_Your instructions_. An exact transcription of all the data is required, with every image removed.

_Captioned web images_.
• • •

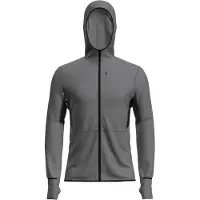 Icebreaker - Merino 200 Realfleece Descender L/S Zip Hoodie - Fleecepullover Gr M grau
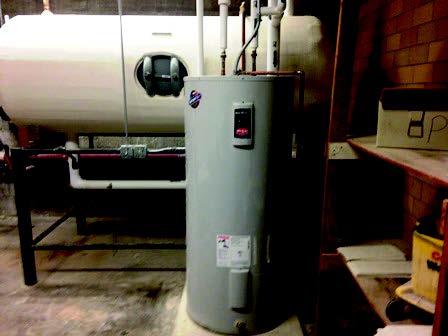 Boiler system at JMS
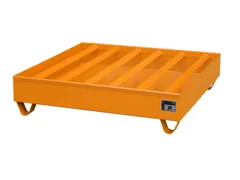 Opvangbak 4x 200l Opvangvol. 230l 285x 1200x 1200mm Profielrooster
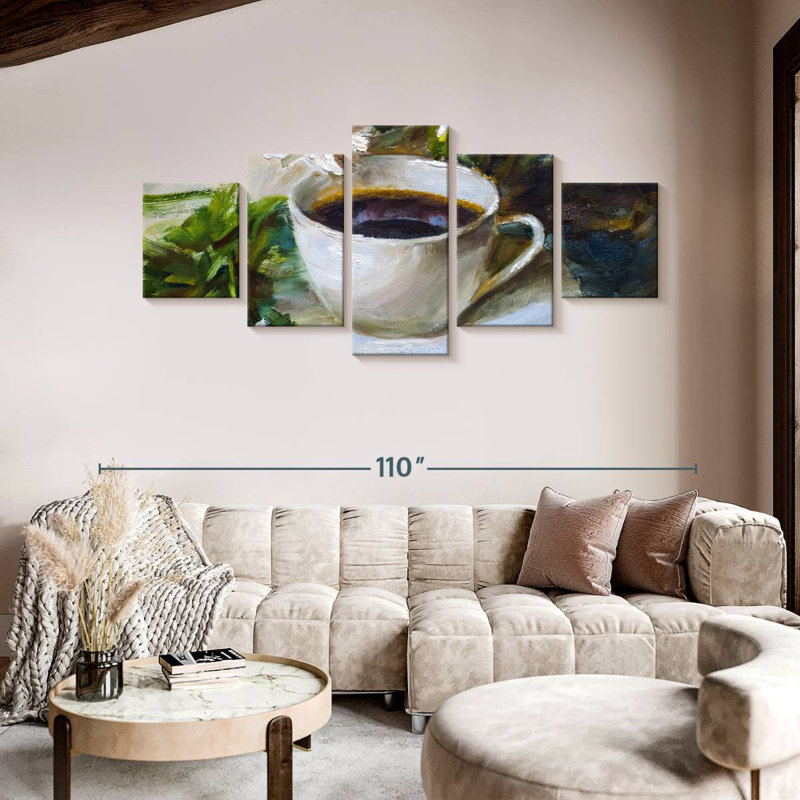 Coffee Cup, 42" H x 92" W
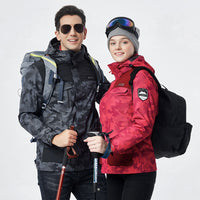 Thumbnail for Winter Men Ski Jacket Waterproof Windproof Breathable Warm Softshell Long Sleeved Coat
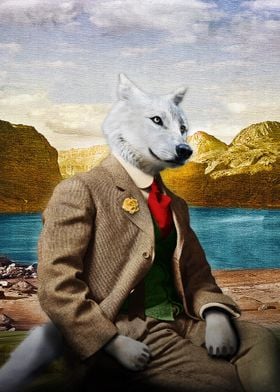 Mr Wolf at the Lake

• • •

_Solution for this problem_.
 Icebreaker - Merino 200 Realfleece Descender L/S Zip Hoodie - Fleecepullover Gr M grau
 Boiler system at JMS
 Opvangbak 4x 200l Opvangvol. 230l 285x 1200x 1200mm Profielrooster
 Coffee Cup, 42" H x 92" W
 Thumbnail for Winter Men Ski Jacket Waterproof Windproof Breathable Warm Softshell Long Sleeved Coat
 Mr Wolf at the Lake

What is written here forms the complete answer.